Oh, and as a side note here, one of the hosts we stayed with this week has a "snow-making business", and get this, they make snow in the winter time. I kid you not. This machine-made snow is used to fill creeks (ie. a snow-bridge) so oil drilling rigs can transport their machinery across the creeks to wherever it is they need to go. 

All in all, we put on just under 3000 km during this week's travels and went as far north as Manning, Alberta (which felt like the far edge of Canada) then back to Edmonton again.

Our hosts were all absolutely wonderful, the food was far too yummy, and the beds extremely comfy, but still, it will be nice to be back in our own beds tonight.

In closing, I’ll put up a few more photos of the school feeding program, which is what the Care-a-Thon funds support, along with a plug for the Global Care-a-thon. Thank you so much to those who have sponsored us already. And for those of you who may be interested in sponsoring someone to walk, you have a choice. You could sponsor Dwight or you could sponsor me. (Pick me, pick me!)

A little competition is a healthy thing. ☺

Fernando, dishing up (above and below).

Pots on the fire in the school's kitchen. This is how it's done in the Mozambican bush.

Saturday, April 04, 2009

Different Worlds

There’s nothing like stepping out of one world and into another to make you realize just how different they can be from each other. We're very aware of the differences right now since we're still rather fresh in Canada.

For example, in Africa, pedestrians essentially have no rights once they step off a sidewalk. Streets are for cars. Everything else has to fend for itself. Crossing a street consists of 4 very important, ordered activities:

1. Stop
2. Look
3. Listen
4. Dodge traffic (this may mean run across the street, even though mom taught you not to)
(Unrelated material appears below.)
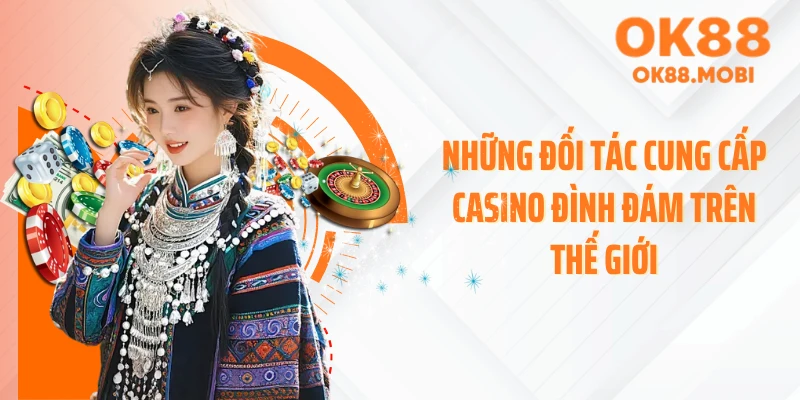 Những đối tác cung cấp Casino đình đám trên thế giới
In Canada, pedestrians (and animals) have the right of way on both the sidewalk and the street. This is a nice change from the 007-type maneuvers described above, but when you're not used to it, it can be a bit unnerving when cars stop for you for what seems to be no apparent reason. After a few awkward moments, you figure out YOU’RE the reason they stopped and you skidaddle cross the street asap all the while feeling like you should salute or something.
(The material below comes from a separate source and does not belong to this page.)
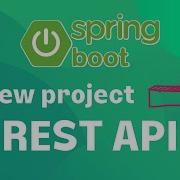 Spring Boot New Project To RESTful API In 13 Minutes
Another difference between our worlds is internet speed. I noticed the upload speed in Edmonton the other day was 50-60 kb/sec. That’s nothing short of wonderful. On our bush satellite system, upload "speeds" start at 20-30 kb/sec then quickly drop to 6-7 (on a good day) or to1-2. Sometimes we even have “no speed” days.

(One of our guards, proudly displaying his cell phone.)
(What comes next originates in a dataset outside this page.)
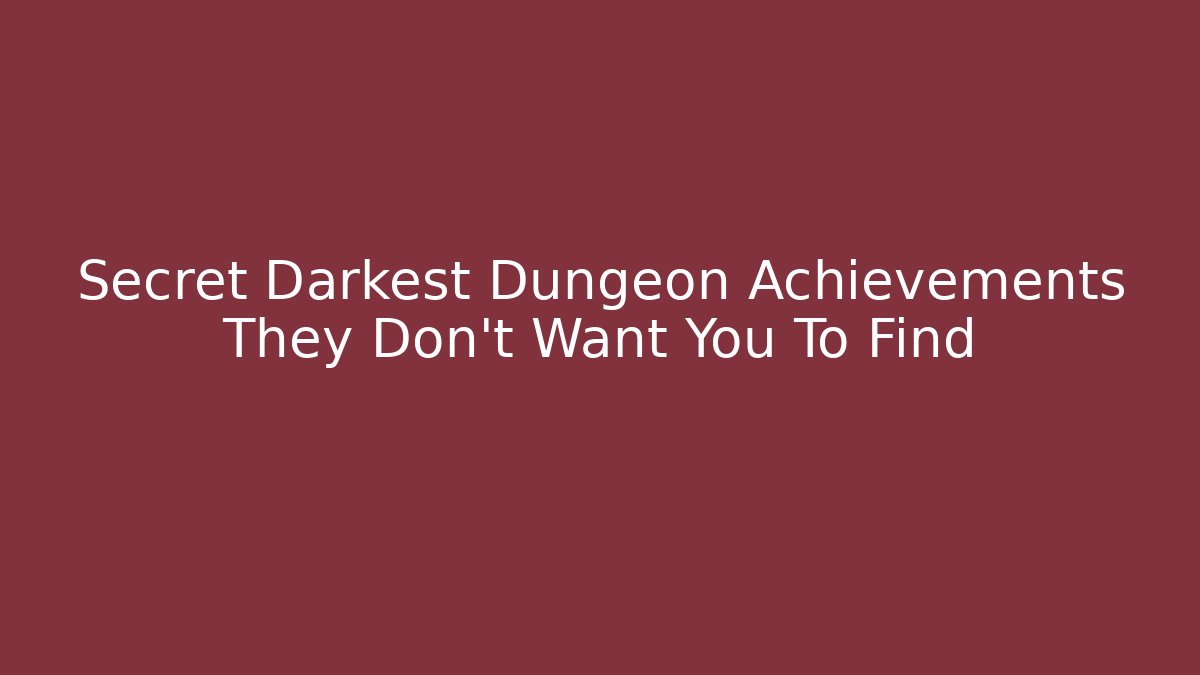 Secret Darkest Dungeon Achievements They Don’t Want You To Find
Even our cell phone coverage has its hiccups, though we shouldn't complain since we waited so long to get it in the first place. Many of our attempts at calls out don't make it past “Network busy” or “Try again”.

But necessity is the mother of invention and the work-around for the poor reception problem is to make your calls from higher ground. Like this:

Wow, dizzying height...
Or this:

(Nat phoning the airline to track down lost luggage.)

Although the location below is a super-good reception spot, it’s about a 10 minute walk from our house. Great for one's health but it makes you think twice about how important that call is.

Onto news...
Guinea fowl project: We did a pilot project on the side with the guinea fowl we recently bought in for distribution. Since it was laying season, we collected their eggs and put them under this broody little hen since they're better "hatchers" than guinea fowl hens. Conditions weren’t optimal this time around, what with our learning curve and all, so our hatch rate was only 3 out of 10, survival rate 2 out of 10--but even so, I’m very impressed that we have these two little guinea fowl chicks, keets as they're called! (Photo compliments of Heather)

On the road again: This week we will be putting on some miles traveling north to visit supporting churches and people in Grande Prairie, Manning, Carrot Creek, etc.

Below: getting photos ready for our display board. Fun job ☺

Snow along the highway in Alberta.

I'll close this post off with a recent photo of us with a niece (Kim) and grand-niece (Cora).